I'm trying to understand how to do segmentation on a set of time series data (daily stock prices, temperatures etc.) and came across a book that explains how to do the SWAB (sliding-window and bottom-up) segmentation algorithm, but I don't quite understand it. This segmentation is part of a sonification algorithm. The following text is from "Multimedia Data Mining and Analytics: Disruptive Innovation".

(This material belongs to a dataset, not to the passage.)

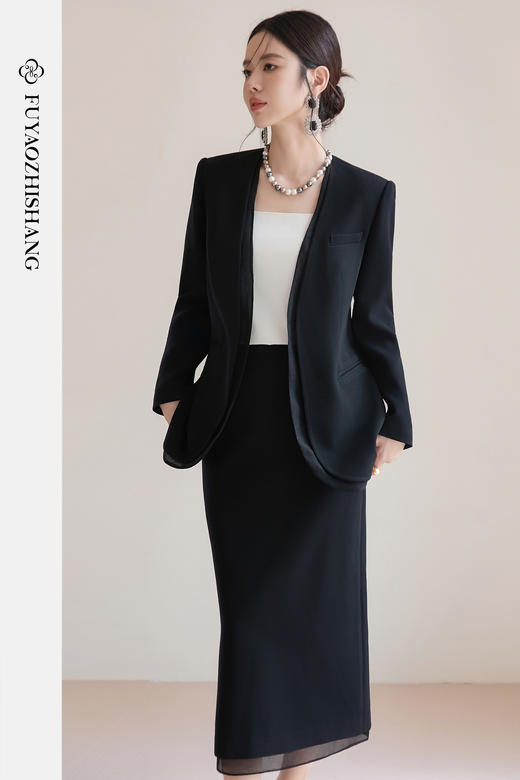 FUYAO扶摇 高级感醋酸女装2025秋款西装两件套法式复古小西服上衣 商品图5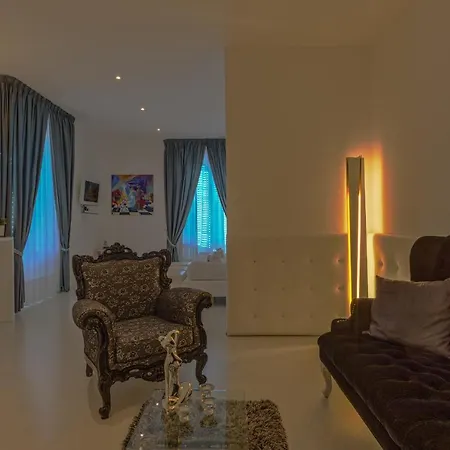 Guest house Palco Rooms&suites 3*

The SWAB segmentation algorithm gets four parameters—the input file (time series data), the output file (segmented data), the maximal error, and the indication of nominal attributes. After running a number of experiments on time series of different sizes with different values for the number of segments, we chose the appropriate default number of segments as follows. 25–50 % of time series size for time series with less than 100 observations, 20–35 % for time series with 100–200 observations, and 15–25 % for time series with more than 200 observations. If the user is not interested to use the default value for any reason, he can enter his own number of segments as a parameter to the algorithm. Starting with the default values for the minimum and the maximum error, we run the segmentation algorithm for the first time and get the minimum number of segments for a given time series (the higher the maximum error, the fewer segments will be found). Then we decrease the maximum error (and so increase the number of found segments) trying to narrow the upper and the lower bounds of error by dividing the base by powers of 2 (like in binary search). Every time after running the segmentation algorithm with the current maximal error, we test whether this value gives a better approximation for the optimal number of segments, and so is a better upper or lower bound for the optimal maximum error. If so, we advance the appropriate bound to this value. In the beginning, only the upper bound is affected. However, once we found the lower bound that provides more segments than the optimum, we continue to look for the optimal number of segments by smaller steps: the next maximum error is the mean between the current upper and lower bounds. As follows from our experience with many different time series databases, the optimal maximal error is usually found within 3–4 iterations. The convergence rate depends on the input time series database itself. If the algorithm has not converged within 20 iterations, we stop searching and proceed with the next sonification steps using the segments found at the 20th iteration.
So for example if I have time series data with 150 observations (which corresponds to 20-35% default number of segments) what are the exact steps I need to take to make the data segmented?
Any help at all is appreciated, thanks.